The life of a sakura tree, which depending on the species can be surprisingly short, as most trees live between 15 and 20 years. Trees that have been well-maintained of longer-living varieties, however, can literally live thousands of years. The Sandaizakura are the collection of three breathtaking, ancient sakura trees that can be found in different prefectures in Japan. The Sandaizakura include Miharu Takizakura (三春滝桜 ) in Fukishima, which is over 1,000 years old, Gifu Prefecture’s 1,500 year old tree, Usuzumisakura (薄墨桜) and the oldest sakura tree in Japan, Jindaizakura (神代桜) in Yamanashi Prefecture, which has seen over 2,000 years, blossoming for over 2,000 springs.
Miharu Takizakura (三春滝桜 )
Definitely try to find your way to one of these beauties if you happen to be in Japan during the spring.
WAIT–if sakura in English is translated as cherry blossom… why are there no cherries? If you’ve spent some time in Japan (or in Washington D.C. where the trees gifted by the Japanese government can be found lining the Tidal Basin and near the National Monument) you’ll notice there is no fruit to be found. The cherry blossom is a family of over 300 varieties, and the species of cherry blossom most common in Japan is the somei yoshino 染井吉野, a (mostly) non-fruiting hybrid tree. Sakura can range in color from deep fuchsi- pink to a near purple, but somei yoshino is known for its creamy white blossoms. Blossoms of the somei yoshino grow in large billowy clusters, and when a breeze passes through, they literally dance. When the peak is at its end, even small gusts of wind can send a shower of while petals to the ground.
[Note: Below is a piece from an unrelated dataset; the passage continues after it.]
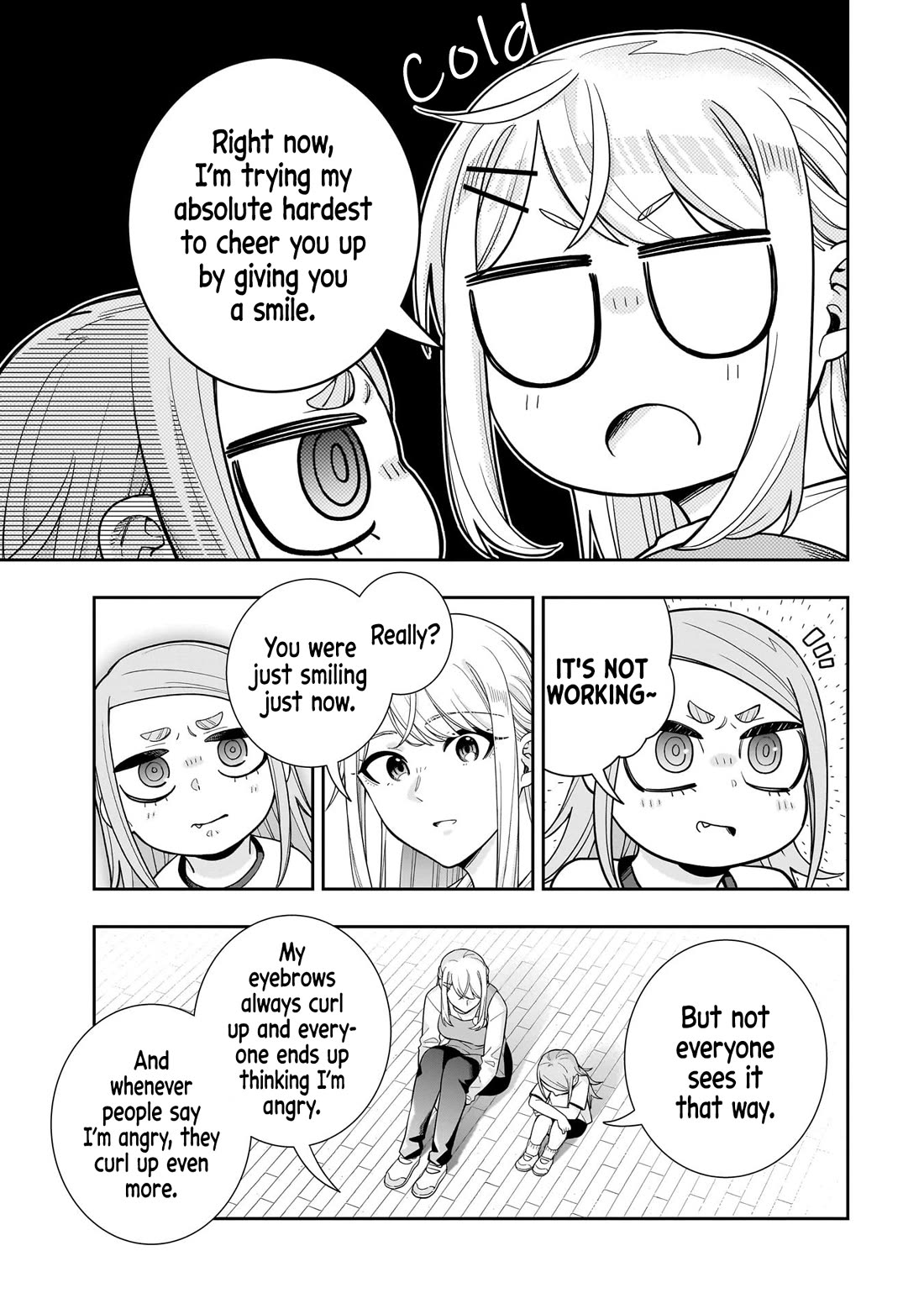 The Ice Princess Wants to be Melted by a Small Patch of Sunlight chapter 25 page 18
The short lived peak of the blossoms, which typically last 4-6 days, has symbolized different things at different points in Japanese history. Today, the trees endure as an motif in art and popular culture, symbolizing ephemeral beauty and the subtle yet persistent passing of time.
But you might still be wondering, if the cherry blossom trees have no cherries…where can we find the fruit? In Japanese, cherries are called sakuranbo, さくらんぼ, and while you can find them in most supermarkets, there are a few special regions where the little red fruit is grown.
In fact, sakuranbo’s crimson cousin sold in supermarkets under the name American Cherries are— you guessed it—imported from the United States. Domestically, Yamagata Prefecture is Japan’s most fruitful (haha) and most famous prefecture for sakuranbo production.
As with all fruits cultivated in Japan, you can purchase cherries that are impossibly perfect: uniform in size, shape, and color. Not to mention, they taste great. Such high-grade cherries are often sent as gifts (okurimono, 贈り物) and are marketed for special occasions such as Mother’s Day.
Unfortunately, the cherry blossom season is still a bit early for their fruity friends which will come into season a few months later.
Millions of visitors come to Japan each year, just in the hopes of catching a glimpse of the cherry blossoms in full bloom. Will you be among them in 2019?